EXTRACTED INFORMATION ->
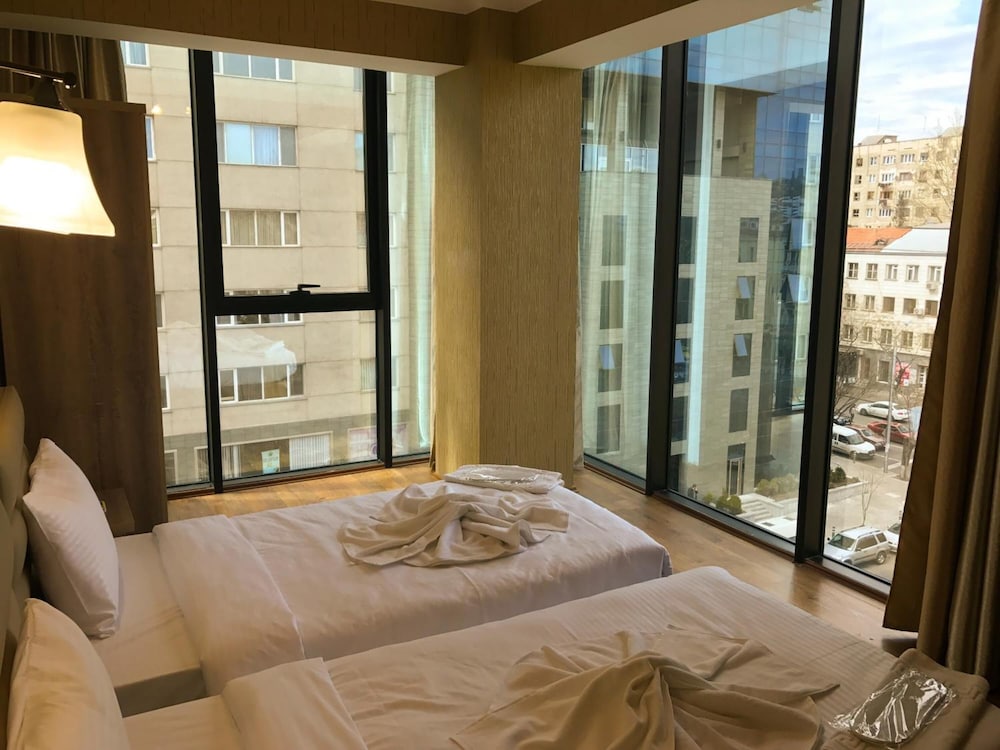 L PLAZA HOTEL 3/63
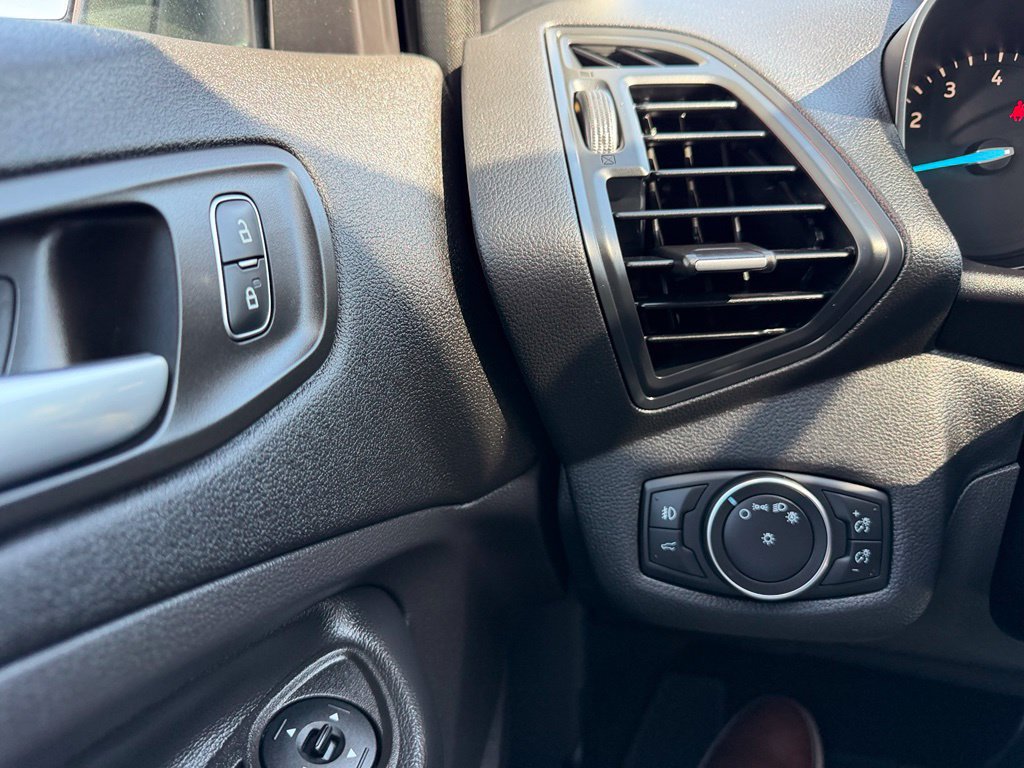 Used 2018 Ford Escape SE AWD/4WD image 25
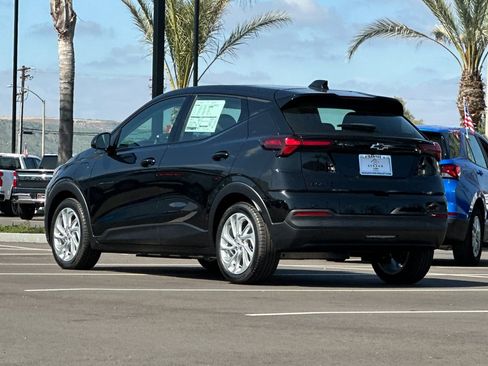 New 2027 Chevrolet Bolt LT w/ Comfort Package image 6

--

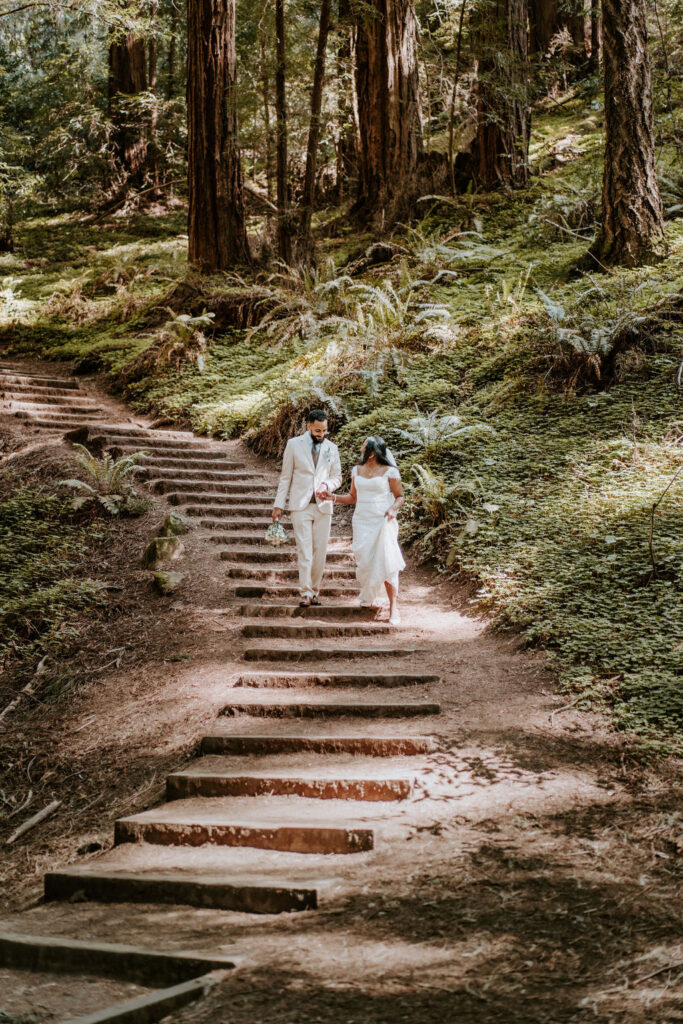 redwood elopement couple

---

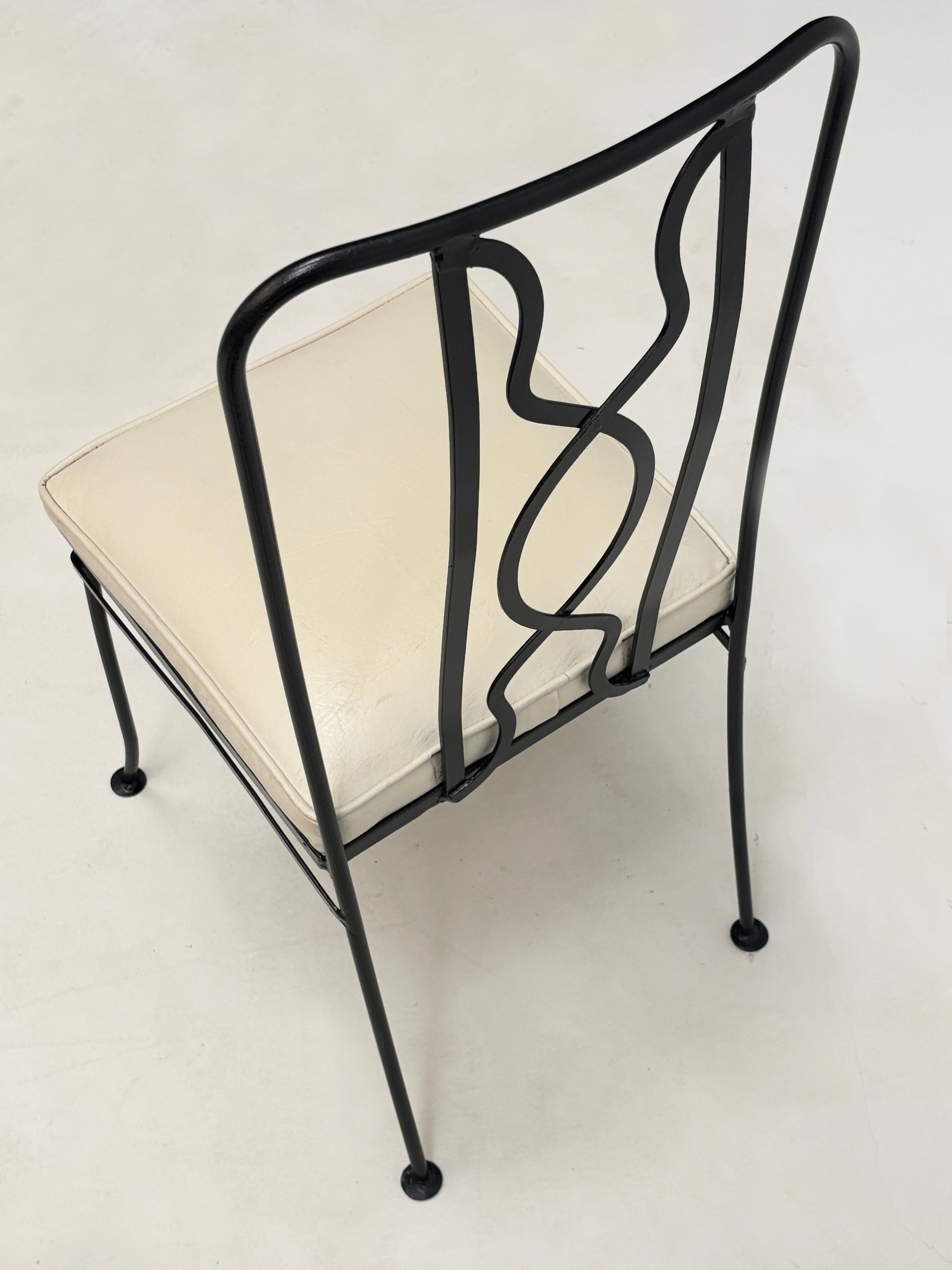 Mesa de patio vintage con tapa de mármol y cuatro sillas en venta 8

PROBLEM STATEMENT -> Pictures do not belong in the answer. Return the lines above starting at the one with "L PLAZA HOTEL 3/63" and ending at the one with "New 2027 Chevrolet", both kept, exactly.

EXERCISE SOLUTION ->
 L PLAZA HOTEL 3/63
 Used 2018 Ford Escape SE AWD/4WD image 25
 New 2027 Chevrolet Bolt LT w/ Comfort Package image 6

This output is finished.